ANNE HEYMAN (1961-2014)
A native of South Africa, Anne Heyman graduated from the University of Pennsylvania in 1982 and from the George Washington University School of Law in 1986. After two years in private practice, Anne went to work for the Manhattan District Attorney’s Office, where she worked until the advent of her third child. After leaving the District Attorney’s Office, Anne was actively engaged in philanthropic work both in and outside of the United States. Her role as former President of the Board of Directors of Dorot reflected her ongoing commitment to the many needs of the home-bound and homeless elderly. Her work with the Abraham Joshua Heschel School in New York, Young Judaea, Tufts University Hillel, University of Pennsylvania Hillel and the Jewish Community Centers of America showed how important Jewish youth and continuity were to her and her family’s foundation, of which she was the director.

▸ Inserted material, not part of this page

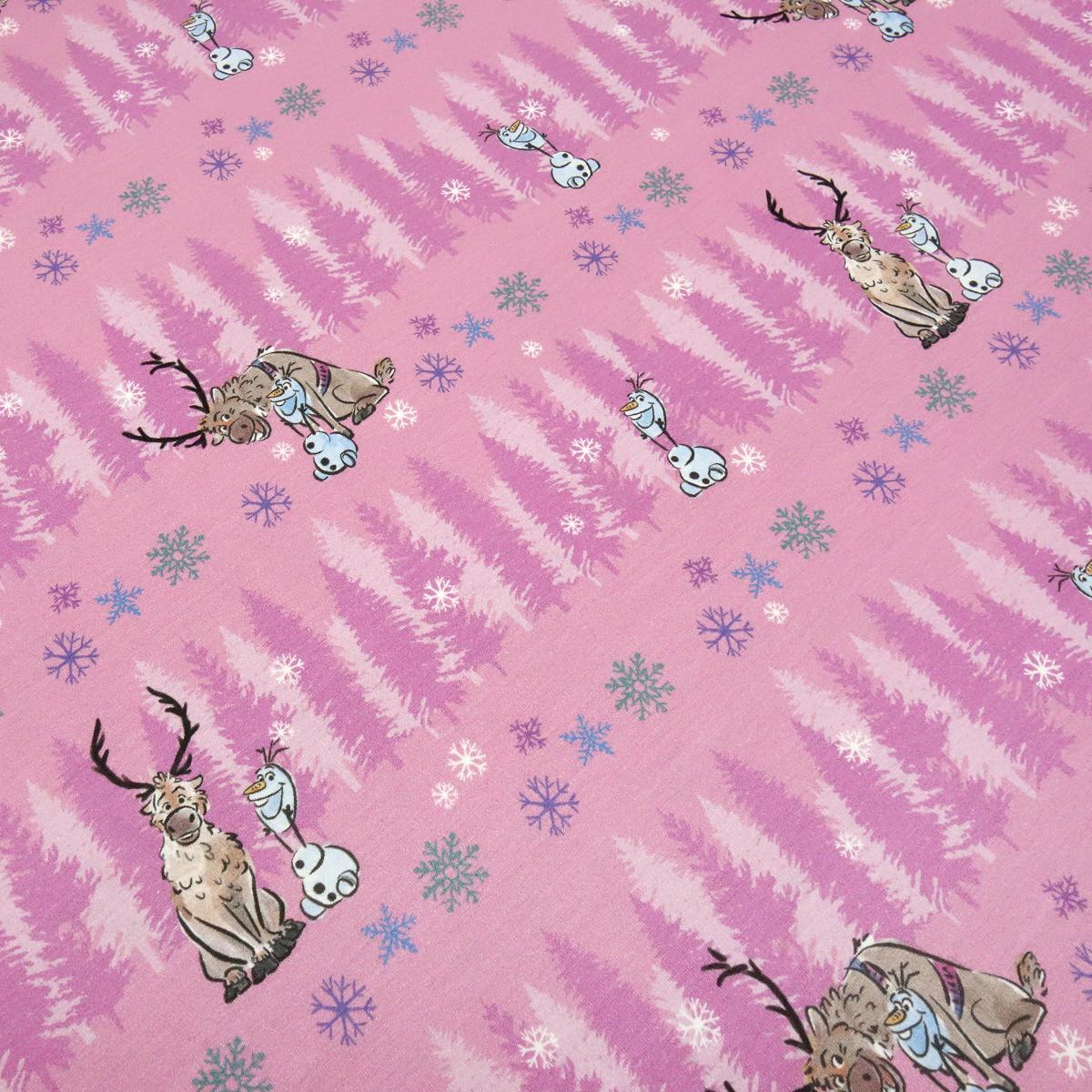 Stoff Baumwolle Jersey Disney Eiskönigin Frozen Olfa Design rosa pink bunt Kinderstoff Kleiderstoff Lizenzstoff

It is with respect to the notion of Tikkun Olam, the Jewish obligation to repair the world, that Anne was most passionate. From the establishment of "Moral Voices," a program designed to inspire college youth to action, to Rwanda, where she spear-headed the creation of The Agahozo-Shalom Youth Village, Anne’s commitment to improving the lives of others was unwavering. Anne’s inspiring story has appeared in numerous publications, including three books: "The Power of Positive Destruction," by Seth Merrin, "The Art of Doing Good" by Charles Bronfman and Jeffrey Solomon, and "Act Three" by Julie Shifman.
Anne was an avid equestrian and competitive show jumper and passed away after falling from her horse while competing in a masters jumper competition on January 31, 2014. She is survived by her husband, Seth Merrin, children Jason, Jonathan and Jenna, siblings Dan, Lauren and Justin, and her parents Sydney and Hermia.